Prospettive interessanti si aprono anche sul versante della Pubblica Amministrazione. Com’è noto, attraverso il cosiddetto GPP, il Green Public Procurement, la Pubblica Amministrazione effettua i suoi acquisti non solo sulla base del prezzo, ma anche con un occhio rivolto all’ambiente, minimizzando l’impatto delle sue scelte e orientando il mercato in senso sostenibile. La normativa prevede una quota minima del 30% di “acquisti verdi”. Tra gli acquisti verdi che la PA può fare, rientrano anche quei materiali derivanti dal riciclo dei rifiuti; gli enti pubblici, così, possono prevedere nei propri capitolati di appalto per l’acquisto di terricci o per la manutenzione del verde pubblico affidata a ditte private il ricorso al compost.

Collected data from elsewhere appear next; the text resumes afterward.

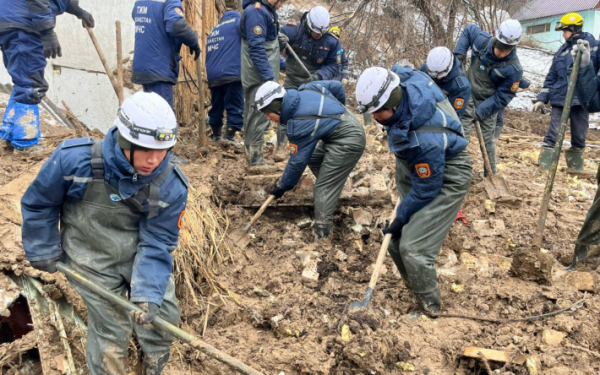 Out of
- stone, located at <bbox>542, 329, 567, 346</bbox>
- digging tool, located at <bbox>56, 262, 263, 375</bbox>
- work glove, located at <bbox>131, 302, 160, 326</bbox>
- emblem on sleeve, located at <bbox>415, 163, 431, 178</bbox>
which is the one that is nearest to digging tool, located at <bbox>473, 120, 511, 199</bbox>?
stone, located at <bbox>542, 329, 567, 346</bbox>

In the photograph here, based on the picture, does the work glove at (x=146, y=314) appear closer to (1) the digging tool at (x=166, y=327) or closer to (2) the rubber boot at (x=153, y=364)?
(1) the digging tool at (x=166, y=327)

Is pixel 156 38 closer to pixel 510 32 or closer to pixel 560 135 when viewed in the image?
pixel 510 32

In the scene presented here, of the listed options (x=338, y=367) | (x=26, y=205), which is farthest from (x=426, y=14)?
(x=26, y=205)

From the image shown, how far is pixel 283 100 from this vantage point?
14.7ft

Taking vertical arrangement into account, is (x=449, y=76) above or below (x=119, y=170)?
above

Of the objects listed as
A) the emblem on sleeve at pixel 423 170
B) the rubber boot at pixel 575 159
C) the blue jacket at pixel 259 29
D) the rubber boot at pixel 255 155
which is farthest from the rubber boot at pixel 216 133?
the rubber boot at pixel 575 159

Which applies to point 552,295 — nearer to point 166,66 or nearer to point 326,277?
point 326,277

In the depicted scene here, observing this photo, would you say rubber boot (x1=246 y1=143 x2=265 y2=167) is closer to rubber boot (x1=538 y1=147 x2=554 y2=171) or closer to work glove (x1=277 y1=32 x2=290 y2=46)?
work glove (x1=277 y1=32 x2=290 y2=46)

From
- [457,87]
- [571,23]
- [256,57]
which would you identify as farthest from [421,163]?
[571,23]

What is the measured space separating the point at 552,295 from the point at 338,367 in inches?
76.8

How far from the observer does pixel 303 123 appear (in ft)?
14.9

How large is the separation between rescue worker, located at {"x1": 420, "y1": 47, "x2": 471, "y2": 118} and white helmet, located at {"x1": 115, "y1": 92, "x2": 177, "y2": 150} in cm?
386

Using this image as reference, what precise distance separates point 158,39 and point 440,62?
325cm

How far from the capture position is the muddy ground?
329 cm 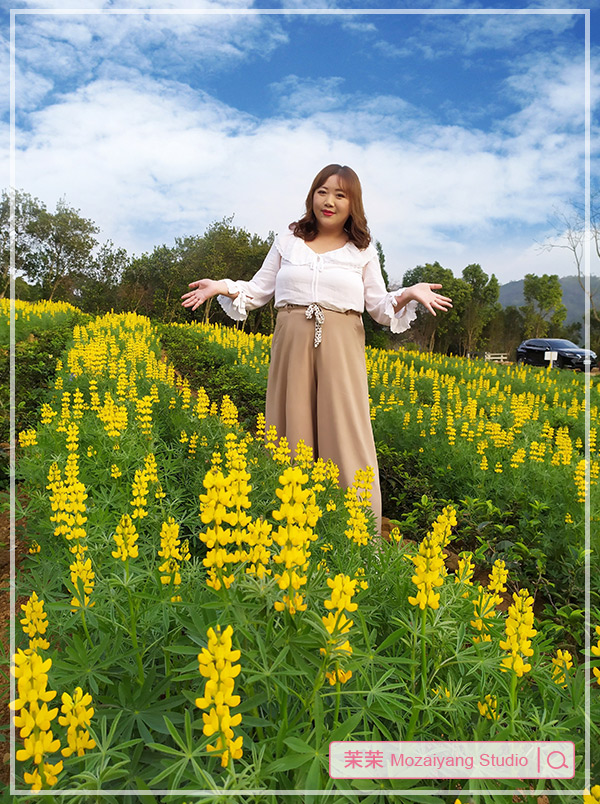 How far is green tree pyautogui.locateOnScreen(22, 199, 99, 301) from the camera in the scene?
3144 centimetres

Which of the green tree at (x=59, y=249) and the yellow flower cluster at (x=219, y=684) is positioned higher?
the green tree at (x=59, y=249)

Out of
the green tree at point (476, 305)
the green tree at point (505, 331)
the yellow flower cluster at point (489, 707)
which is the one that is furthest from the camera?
the green tree at point (505, 331)

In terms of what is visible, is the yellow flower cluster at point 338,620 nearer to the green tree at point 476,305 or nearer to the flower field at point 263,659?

Ma le potenzialità del settore sono più ampie. La frazione organica, si è detto, incide per il 30-35% sul totale dei rifiuti urbani. Su 30 milioni di tonnellate annue di rifiuti prodotti in Italia, circa 10 sono quindi organici. Ipotizzando un’intercettazione con la raccolta differenziata del 70-80%, si potrebbero raccogliere 7-8 milioni di tonnellate di rifiuti, da cui ricavare, calcolando una resa del 40%, circa 3 milioni di tonnellate annue di compost, più del triplo della produzione attuale.
Tale quantità potrebbe fertilizzare in maniera sostenibile 300.000 ettari, appena 1/50 degli oltre 15.000.000 di ettari di superficie agraria in Italia, senza alcun rischio, quindi, di saturazione del mercato.